ACT Greens MLA Rebecca Vassarotti is the Minister for the Environment, Parks and Land Management.
We love living in a bush capital. We love the creatures we get to share our city with. World Wildlife Day is a chance for us to celebrate our native wildlife and thank our environmental volunteers who work to protect their habitat and look after them.
We encourage the community to explore our environment in local nature reserves, and see what wildlife you can find and admire. I’ve been really happy to support community-based activities like the community Gala(h) Ball that ACT Wildlife hosted on Friday night. I encourage the community to get out there, and get involved in their local environment group.

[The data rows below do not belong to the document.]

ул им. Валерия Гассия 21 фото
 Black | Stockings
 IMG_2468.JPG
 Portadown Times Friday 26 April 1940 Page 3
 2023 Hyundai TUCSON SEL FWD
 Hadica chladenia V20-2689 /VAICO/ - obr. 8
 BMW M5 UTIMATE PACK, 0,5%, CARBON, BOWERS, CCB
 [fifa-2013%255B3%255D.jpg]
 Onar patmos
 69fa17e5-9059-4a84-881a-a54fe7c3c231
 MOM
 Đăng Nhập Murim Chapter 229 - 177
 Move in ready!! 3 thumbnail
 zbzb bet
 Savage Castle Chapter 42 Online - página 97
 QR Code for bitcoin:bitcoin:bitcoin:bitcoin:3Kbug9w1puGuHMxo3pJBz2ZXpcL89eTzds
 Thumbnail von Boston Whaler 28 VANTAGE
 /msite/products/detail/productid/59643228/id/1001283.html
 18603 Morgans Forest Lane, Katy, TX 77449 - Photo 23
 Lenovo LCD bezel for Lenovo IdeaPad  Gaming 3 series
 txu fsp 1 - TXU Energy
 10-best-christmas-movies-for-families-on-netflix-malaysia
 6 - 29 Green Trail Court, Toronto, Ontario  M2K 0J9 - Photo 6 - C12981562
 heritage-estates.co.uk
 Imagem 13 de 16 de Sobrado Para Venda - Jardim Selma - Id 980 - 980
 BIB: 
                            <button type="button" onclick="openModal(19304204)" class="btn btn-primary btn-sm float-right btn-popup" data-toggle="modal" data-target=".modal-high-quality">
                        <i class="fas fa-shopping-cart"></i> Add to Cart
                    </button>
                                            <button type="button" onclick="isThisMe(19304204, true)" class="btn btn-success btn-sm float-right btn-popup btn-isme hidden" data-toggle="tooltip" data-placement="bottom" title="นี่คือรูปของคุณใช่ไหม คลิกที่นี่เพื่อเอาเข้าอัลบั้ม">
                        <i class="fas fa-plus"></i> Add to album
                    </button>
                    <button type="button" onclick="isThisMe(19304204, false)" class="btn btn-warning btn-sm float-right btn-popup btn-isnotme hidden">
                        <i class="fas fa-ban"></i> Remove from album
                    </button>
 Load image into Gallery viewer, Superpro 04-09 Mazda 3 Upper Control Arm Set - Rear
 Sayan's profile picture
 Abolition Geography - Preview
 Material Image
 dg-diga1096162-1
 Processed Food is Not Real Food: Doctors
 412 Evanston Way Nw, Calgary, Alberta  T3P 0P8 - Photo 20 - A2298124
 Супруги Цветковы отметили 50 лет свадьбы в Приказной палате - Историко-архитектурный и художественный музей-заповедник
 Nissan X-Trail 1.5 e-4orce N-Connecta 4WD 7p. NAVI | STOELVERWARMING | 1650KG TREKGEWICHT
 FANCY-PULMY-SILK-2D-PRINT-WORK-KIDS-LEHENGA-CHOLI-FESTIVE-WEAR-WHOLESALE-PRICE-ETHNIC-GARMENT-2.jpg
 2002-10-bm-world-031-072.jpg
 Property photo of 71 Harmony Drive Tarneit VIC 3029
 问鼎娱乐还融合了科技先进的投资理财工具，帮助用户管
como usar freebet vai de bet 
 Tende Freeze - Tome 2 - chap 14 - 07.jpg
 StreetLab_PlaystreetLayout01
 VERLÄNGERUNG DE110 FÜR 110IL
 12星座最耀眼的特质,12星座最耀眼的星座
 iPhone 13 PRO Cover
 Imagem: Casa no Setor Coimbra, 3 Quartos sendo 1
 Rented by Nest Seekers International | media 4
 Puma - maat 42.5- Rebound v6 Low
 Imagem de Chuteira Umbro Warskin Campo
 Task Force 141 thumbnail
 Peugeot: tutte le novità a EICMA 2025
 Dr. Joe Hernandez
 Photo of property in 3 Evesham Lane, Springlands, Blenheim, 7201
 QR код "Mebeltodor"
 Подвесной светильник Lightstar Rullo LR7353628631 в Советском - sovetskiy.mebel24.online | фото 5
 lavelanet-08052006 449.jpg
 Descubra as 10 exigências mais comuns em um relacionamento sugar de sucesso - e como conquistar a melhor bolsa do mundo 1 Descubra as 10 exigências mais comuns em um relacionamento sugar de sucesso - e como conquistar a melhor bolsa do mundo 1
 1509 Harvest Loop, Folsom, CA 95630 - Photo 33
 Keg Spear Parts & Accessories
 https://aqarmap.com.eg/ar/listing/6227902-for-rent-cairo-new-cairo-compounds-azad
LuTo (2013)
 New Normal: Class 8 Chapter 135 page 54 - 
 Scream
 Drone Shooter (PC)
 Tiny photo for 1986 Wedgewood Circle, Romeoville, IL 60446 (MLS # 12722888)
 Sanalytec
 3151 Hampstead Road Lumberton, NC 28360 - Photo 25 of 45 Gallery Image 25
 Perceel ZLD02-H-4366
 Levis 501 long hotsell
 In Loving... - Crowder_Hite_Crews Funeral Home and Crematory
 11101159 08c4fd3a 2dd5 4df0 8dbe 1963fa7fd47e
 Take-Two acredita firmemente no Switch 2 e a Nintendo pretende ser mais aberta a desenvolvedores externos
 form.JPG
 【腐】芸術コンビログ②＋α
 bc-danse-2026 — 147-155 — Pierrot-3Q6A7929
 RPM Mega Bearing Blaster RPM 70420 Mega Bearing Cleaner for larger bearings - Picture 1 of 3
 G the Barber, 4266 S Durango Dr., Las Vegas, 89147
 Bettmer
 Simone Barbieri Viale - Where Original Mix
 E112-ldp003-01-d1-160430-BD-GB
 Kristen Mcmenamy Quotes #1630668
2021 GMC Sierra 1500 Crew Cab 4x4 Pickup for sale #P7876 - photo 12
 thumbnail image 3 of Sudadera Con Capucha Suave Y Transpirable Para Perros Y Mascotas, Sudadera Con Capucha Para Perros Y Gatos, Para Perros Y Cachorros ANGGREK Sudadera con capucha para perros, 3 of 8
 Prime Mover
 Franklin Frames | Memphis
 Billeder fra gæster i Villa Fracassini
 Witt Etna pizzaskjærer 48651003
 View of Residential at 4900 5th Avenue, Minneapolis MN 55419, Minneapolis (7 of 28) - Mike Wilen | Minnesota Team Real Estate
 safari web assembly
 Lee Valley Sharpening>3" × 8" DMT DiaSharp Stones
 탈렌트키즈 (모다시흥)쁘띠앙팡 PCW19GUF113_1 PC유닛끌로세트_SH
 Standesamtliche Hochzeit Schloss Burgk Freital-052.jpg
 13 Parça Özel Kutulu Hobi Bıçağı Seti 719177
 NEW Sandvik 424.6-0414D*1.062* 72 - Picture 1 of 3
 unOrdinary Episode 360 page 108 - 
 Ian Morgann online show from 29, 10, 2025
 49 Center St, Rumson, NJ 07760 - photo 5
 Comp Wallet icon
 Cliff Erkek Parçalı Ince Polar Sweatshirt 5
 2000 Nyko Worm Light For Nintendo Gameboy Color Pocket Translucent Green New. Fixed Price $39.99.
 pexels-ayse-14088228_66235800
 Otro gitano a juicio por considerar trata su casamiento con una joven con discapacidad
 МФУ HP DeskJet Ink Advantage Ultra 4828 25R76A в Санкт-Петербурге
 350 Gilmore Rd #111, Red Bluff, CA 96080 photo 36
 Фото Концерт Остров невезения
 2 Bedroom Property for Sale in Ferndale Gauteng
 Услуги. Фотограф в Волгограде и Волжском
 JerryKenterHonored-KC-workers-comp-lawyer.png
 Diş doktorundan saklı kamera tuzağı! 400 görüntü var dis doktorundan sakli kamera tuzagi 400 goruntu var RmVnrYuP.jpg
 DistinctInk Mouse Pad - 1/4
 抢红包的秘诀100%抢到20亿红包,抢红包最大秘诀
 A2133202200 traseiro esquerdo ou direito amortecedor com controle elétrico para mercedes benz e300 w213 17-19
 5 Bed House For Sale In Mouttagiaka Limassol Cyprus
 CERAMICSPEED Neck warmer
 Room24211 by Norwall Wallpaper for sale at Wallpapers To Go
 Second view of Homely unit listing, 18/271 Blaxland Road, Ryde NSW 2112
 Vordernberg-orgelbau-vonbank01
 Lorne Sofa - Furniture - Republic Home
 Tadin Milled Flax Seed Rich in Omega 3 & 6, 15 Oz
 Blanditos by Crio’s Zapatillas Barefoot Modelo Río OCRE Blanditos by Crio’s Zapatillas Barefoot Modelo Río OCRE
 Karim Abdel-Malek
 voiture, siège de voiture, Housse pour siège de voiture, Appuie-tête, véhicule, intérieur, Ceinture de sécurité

Wildlife is under threat like never before from the impacts of habitat degradation and loss, climate change, pollution, and severe weather events. Canberrans can help to protect the ACT’s wildlife by:
- Using only animal friendly netting.
- Minimising the use of insecticides.
- Disposing of rubbish properly.
- When driving, keeping watch for kangaroos at dawn and dusk.
- Submitting species records to the NatureMapr website, which helps us to keep track of key species including those that are threatened or invasive.
- Visiting the ACT’s parks and reserves with care.
- Following the rules when fishing.
There are 58 ACT native species and three ecological communities, as well as two key threatening processes, listed as threatened under the Nature Conservation Act 2014.
The ACT has eight species listed as critically endangered, 21 as endangered, 28 as Vulnerable, and one listed as regionally conservation dependent.
More species are likely to be added to this list later this year. We have seen an increase in listings in the past three years due to a rising threat of extinction of our native species nationally as well as recent changes to align listings with the Australian Government.
The ACT Government has committed to a variety of programs aimed to improve the conservation of our native wildlife.
We are supporting national efforts to conserve the koala by undertaking the ACT’s first comprehensive baseline monitoring project.
Monitoring will help to determine if we have any koala populations in the ACT and, if so, where they are, so we can better protect them.
The ACT Government is also examining the feasibility of transitioning the captive colony at Tidbinbilla to a larger breeding colony so in the future animals can be reintroduced into ACT woodlands.
There have also been some big achievements recently, such as the rediscovery of a population of critically endangered northern corroboree frogs in the high country of Namadgi Nature Reserve.